Crônica de um assassinato gradual

Ayrton Centeno, Brasília Confidencial

“Naquele 13 de março, João Goulart queixou-se da teia de “terror ideológico” tecida pelos seus adversários:

“Desgraçada a democracia se tiver que ser defendida por tais democratas”, desabafou o presidente perante 200.000 pessoas, no comício da Central do Brasil.

E prosseguiu:

“A democracia que eles desejam impingir-nos é a democracia anti-povo, do anti-sindicato, da anti-reforma, ou seja, aquela que melhor atende aos interesses dos grupos a que eles servem ou representam”.

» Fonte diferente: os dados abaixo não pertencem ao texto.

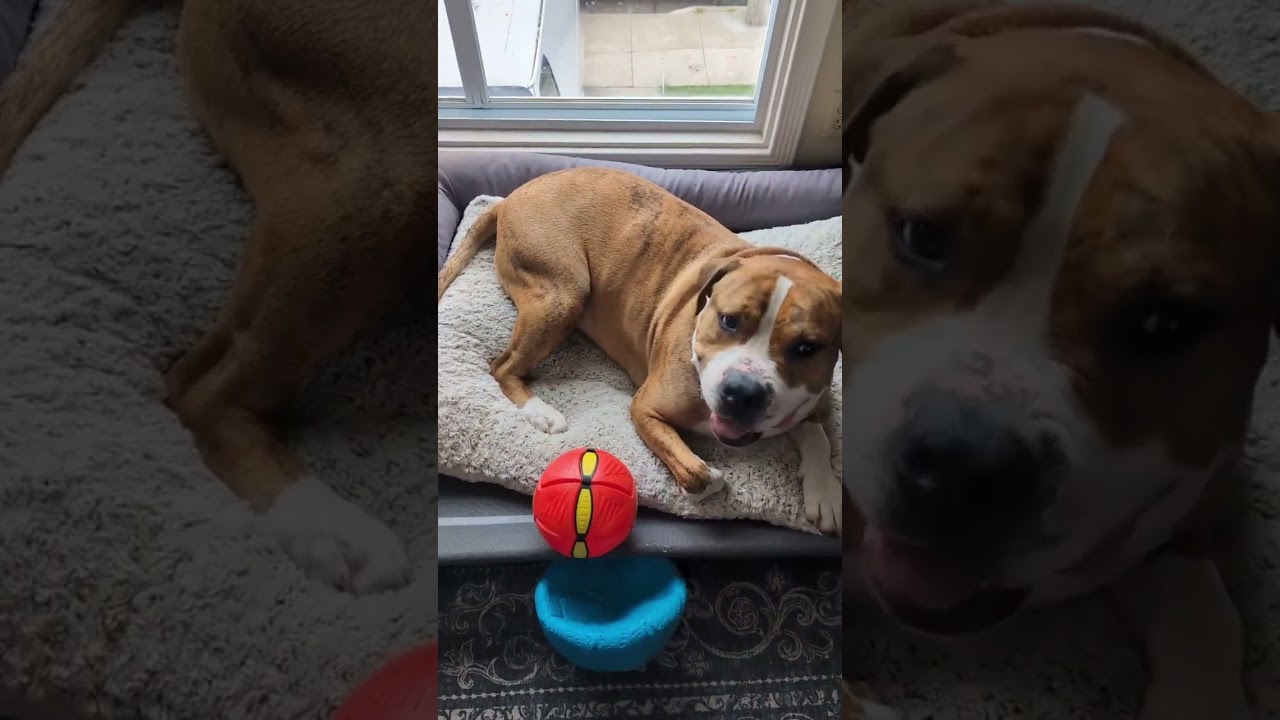 Enlarge Hank, a Adoptable Mixed Breed in San Francisco, CA video 6/6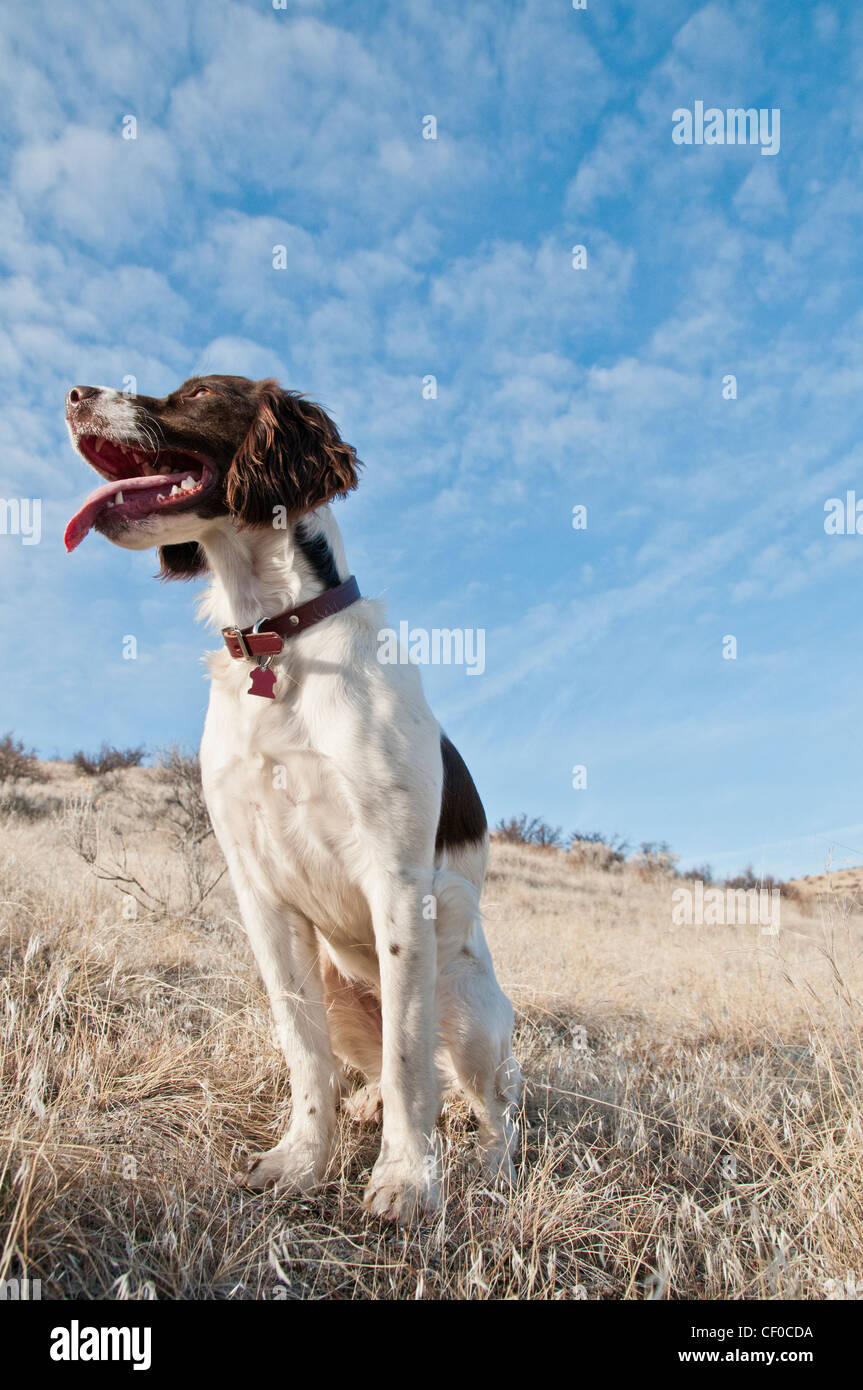 Weibliche Springer Spaniel 1,5 Jahre alt Stockfoto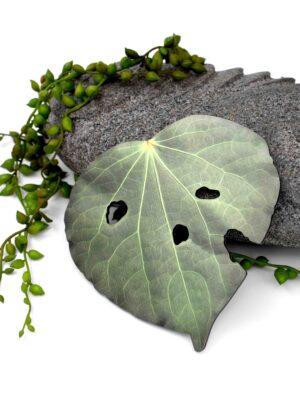 Kawakawa Leaf, Design 2 (Printed ACM)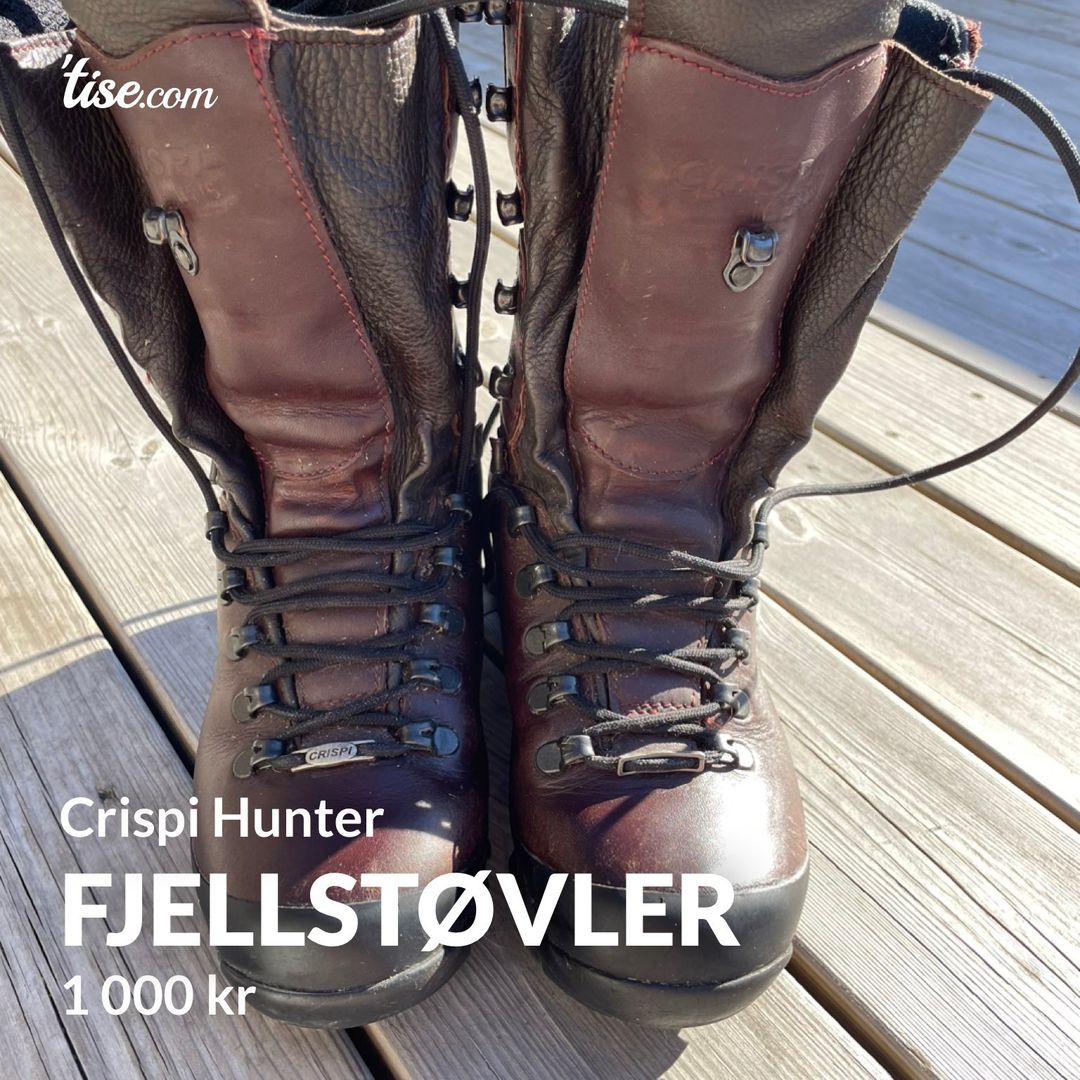 Fjellstøvler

Quarenta e seis anos depois, suas palavras reverberam notável frescor, como se estivessem pairando agora nas ruas do velho Rio.

“A democracia que eles querem é a democracia para liquidar com a Petrobras; é a democracia dos monopólios privados, nacionais e internacionais, é a democracia que luta contra os governos populares e que levou Getúlio Vargas ao supremo sacrifício”.

Naquela noite dos idos de março de 1964 moviam-se estrelas da política e muitos coadjuvantes. Um deles, um jovem de 22 anos. Presidente da União Nacional dos Estudantes, a UNE, também discursou, dedo em riste, intenso. Tinha algumas divergências com o governo, mas frequentava o mesmo palanque.

Dezoito dias depois, o vaticínio de Jango – “Desgraçada a democracia se tiver que ser defendida por tais democratas” – consubstanciou-se sob a forma de tanques, fuzis e metralhadoras. Golpeado, o governo constitucional se desfez e alimentou a diáspora dos seus protagonistas, coadjuvantes ou periféricos. O rapaz escondeu-se durante alguns dias, a sede da UNE foi incendiada e ele também saiu do Brasil.”